*DATA FOR THIS TASK*:
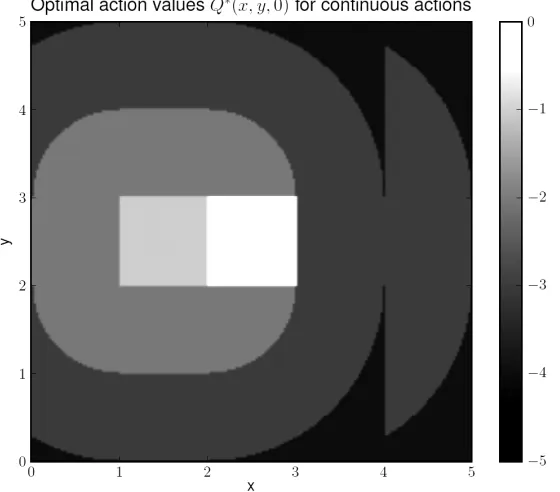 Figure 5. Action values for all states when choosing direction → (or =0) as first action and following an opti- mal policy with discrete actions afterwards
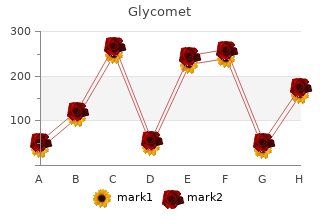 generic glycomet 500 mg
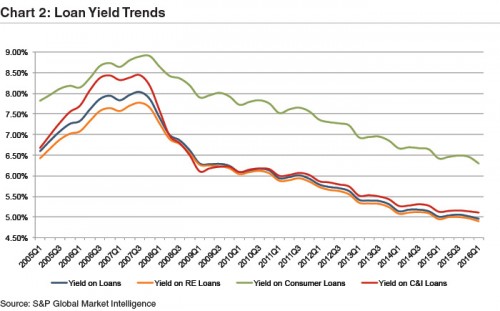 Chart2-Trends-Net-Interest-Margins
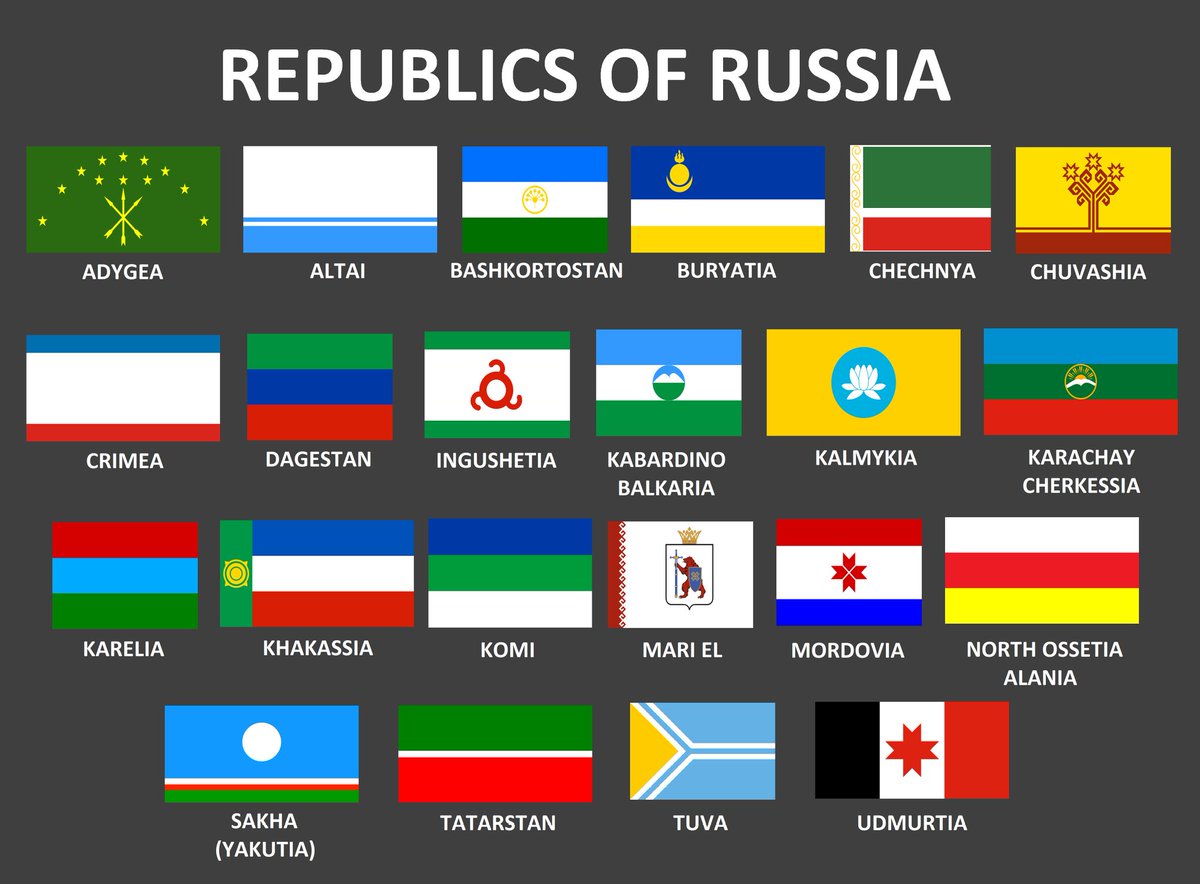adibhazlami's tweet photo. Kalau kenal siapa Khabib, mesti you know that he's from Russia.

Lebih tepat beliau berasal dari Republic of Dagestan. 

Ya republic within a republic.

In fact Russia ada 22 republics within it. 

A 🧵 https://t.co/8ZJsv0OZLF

--

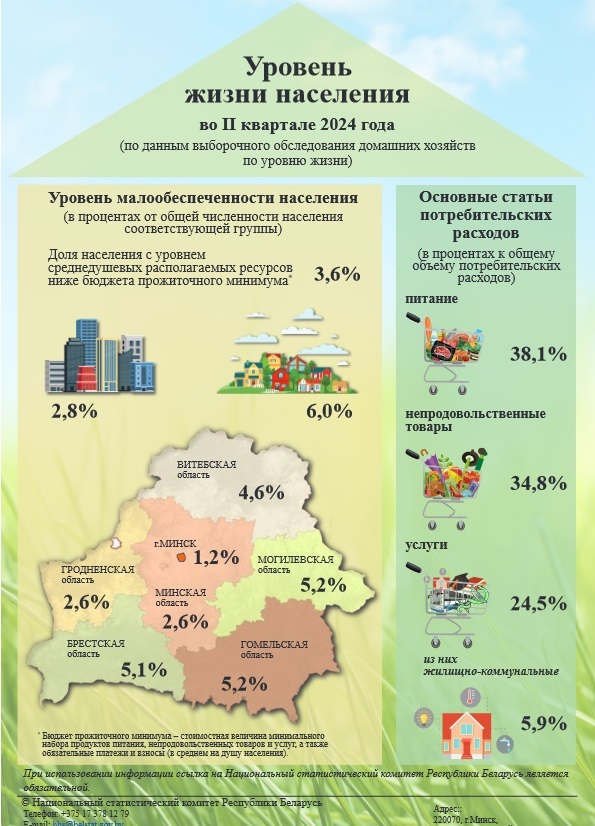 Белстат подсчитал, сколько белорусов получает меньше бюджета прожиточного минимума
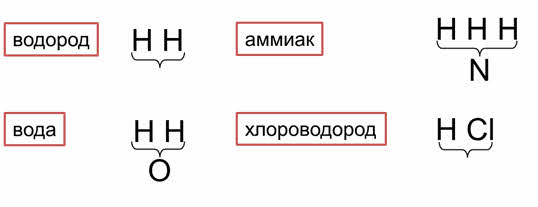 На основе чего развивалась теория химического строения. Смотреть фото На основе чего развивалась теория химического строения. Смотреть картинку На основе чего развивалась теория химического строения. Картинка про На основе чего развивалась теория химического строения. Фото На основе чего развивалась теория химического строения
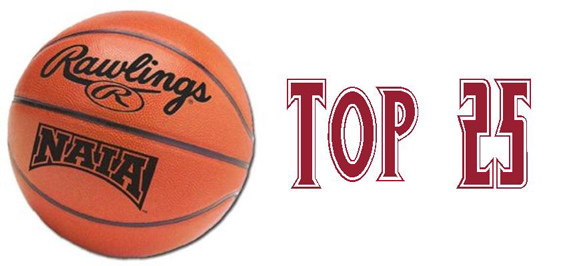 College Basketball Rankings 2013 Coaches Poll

*DIRECTIONS*: From the records above, transcribe without alteration every line from the one with "Ya republic within a republic." to the one with "A 🧵 https://t.co/8ZJsv0OZLF", inclusive.

*OUTPUT FOR THIS EXERCISE*:
Ya republic within a republic.

In fact Russia ada 22 republics within it. 

A 🧵 https://t.co/8ZJsv0OZLF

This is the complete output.